The push for a Gov 2.0 barcamp in Canberra got me thinking. What would I – web monkey number 54-46 – want out of it?
Thinking big picture advocacy, I reckon Jason Ryan covers it neatly in 5 Principles For Govt 2.0 – written 2 years ago!
But for a positive and immediate impact on my day to day work, here’s what I’d like to see from above.
Mandate open access to the internet for all employees of government at all levels
Set guidelines, monitor and enforce. But don’t tie one arm behind our backs. Security, bandwidth and (alleged) time issues are easily trumped by gains in knowledge, inhouse expertise and productivity.
Lead with policy on how government employees and elected representatives interact with constituents and each other online
We have draft protocols for public servants – and guidance from existing codes. But there’s a need to look at these again in the light of blurring personal and professional identities online.

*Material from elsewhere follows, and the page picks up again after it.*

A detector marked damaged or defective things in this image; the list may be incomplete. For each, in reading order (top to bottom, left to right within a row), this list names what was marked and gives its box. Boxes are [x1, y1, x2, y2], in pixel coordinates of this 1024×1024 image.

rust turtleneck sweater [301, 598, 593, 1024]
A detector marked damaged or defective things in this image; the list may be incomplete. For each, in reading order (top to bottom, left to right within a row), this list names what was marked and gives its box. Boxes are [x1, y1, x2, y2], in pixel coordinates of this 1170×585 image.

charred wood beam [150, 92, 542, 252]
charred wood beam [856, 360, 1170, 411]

Recognise web teams and those working in this new space
Engagement ain’t gonna come from IT or PR people. Give us our own classification – and more money! And require library professionals to play some of this role.

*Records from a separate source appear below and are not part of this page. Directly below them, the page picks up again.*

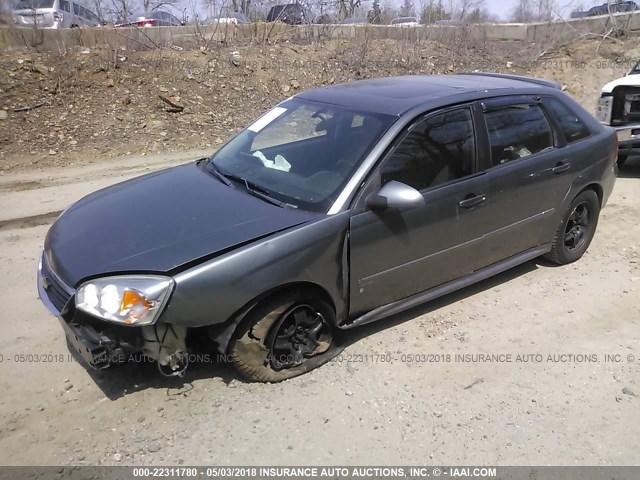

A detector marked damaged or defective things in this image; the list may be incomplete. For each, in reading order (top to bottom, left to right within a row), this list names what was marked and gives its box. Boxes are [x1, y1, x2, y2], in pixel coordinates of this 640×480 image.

damaged front end [37, 253, 189, 376]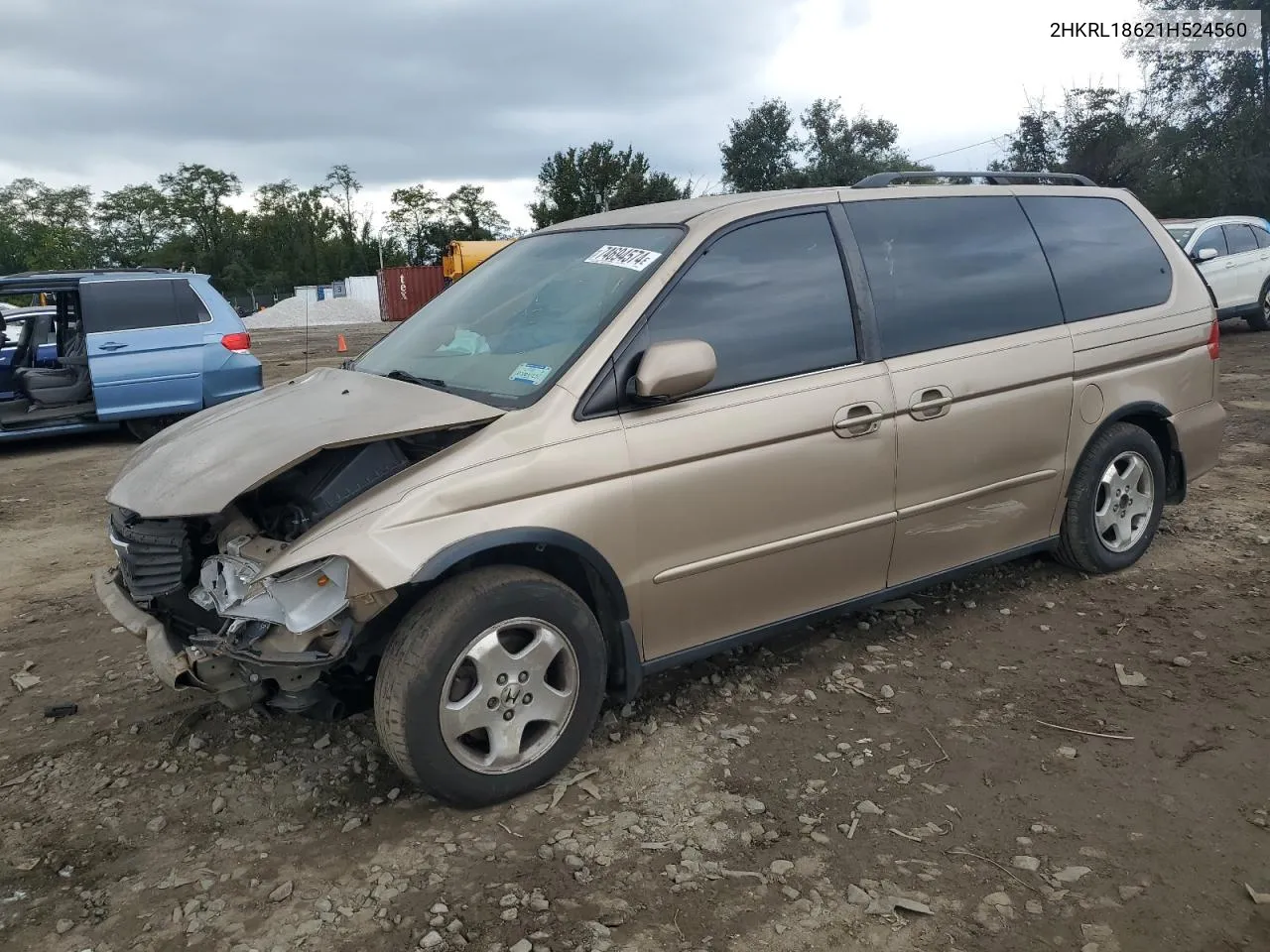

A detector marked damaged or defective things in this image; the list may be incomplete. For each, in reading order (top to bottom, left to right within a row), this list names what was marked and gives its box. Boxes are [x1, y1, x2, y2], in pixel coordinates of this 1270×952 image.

crumpled hood [105, 365, 500, 516]
damaged honda odyssey [94, 171, 1222, 801]
broken headlight [189, 555, 349, 635]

Provide clear and simple guidance on licensing data for reuse
By this I mean a Creative Commons or government-specific licence. The Queensland Government have a Licensing Framework that probably required considerable research and legal input. I’d like to see NSW local government working together to produce something similar. Especially for map and planning data.

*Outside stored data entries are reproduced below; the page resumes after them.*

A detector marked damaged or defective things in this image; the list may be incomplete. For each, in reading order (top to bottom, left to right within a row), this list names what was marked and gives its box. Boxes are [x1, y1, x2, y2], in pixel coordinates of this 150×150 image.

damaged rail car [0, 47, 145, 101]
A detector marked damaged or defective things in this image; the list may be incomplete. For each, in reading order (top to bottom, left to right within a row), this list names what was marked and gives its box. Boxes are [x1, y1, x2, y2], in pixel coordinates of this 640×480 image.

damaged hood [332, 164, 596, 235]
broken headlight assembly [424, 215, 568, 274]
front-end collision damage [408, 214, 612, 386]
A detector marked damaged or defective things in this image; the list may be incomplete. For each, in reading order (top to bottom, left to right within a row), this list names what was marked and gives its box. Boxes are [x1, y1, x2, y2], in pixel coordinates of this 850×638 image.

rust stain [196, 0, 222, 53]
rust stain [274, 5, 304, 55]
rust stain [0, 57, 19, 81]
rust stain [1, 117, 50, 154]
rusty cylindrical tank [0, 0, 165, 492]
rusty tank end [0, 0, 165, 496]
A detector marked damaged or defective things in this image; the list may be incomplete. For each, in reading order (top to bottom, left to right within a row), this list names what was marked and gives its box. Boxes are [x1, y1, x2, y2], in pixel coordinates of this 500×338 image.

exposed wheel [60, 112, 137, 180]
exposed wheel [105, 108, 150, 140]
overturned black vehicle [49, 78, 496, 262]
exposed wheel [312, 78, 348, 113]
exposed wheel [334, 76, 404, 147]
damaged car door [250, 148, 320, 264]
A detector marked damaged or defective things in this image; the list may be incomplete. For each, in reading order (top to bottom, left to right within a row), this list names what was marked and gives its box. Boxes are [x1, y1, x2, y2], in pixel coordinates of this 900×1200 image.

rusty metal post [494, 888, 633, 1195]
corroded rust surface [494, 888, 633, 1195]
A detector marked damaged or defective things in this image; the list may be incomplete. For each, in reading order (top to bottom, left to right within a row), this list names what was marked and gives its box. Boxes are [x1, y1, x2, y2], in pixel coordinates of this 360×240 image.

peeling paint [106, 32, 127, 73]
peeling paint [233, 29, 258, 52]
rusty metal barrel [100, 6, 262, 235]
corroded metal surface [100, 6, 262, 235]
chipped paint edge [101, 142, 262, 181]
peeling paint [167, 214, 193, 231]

Set up an authentication system at some level
We can have blogs, forums and white-label social networks up online in the twinkling of an eye. But you quickly run into the problem of requiring your constituents to register multiple times for different services. A whole-of-government online ID service might be as popular as a national identity card but … openID? Can’t see that working as-is. But state and federal governments have money, smart people and the ability to engineer or contribute to an acceptable, distributed solution that we can implement at local level. (I’ll get my coat.)
Give us basic spatial information via a simple API
It’s all about maps and location-aware services. I could do a bunch of stuff right now but I can’t resolve a street address to a latitude and longitude without accessing a commercial service. Give us an inexpensive, clearly licensed method to map our information to properties and other geographic points. Ideally each agency’s work makes the network smarter and more useful. Also I would prefer to be going down the OpenStreetMap path – not Google Maps.
But from the bottom up, just let us get on with it.
The Barcamps (and BBQs) should aim to foster strong, active networks of web workers across government.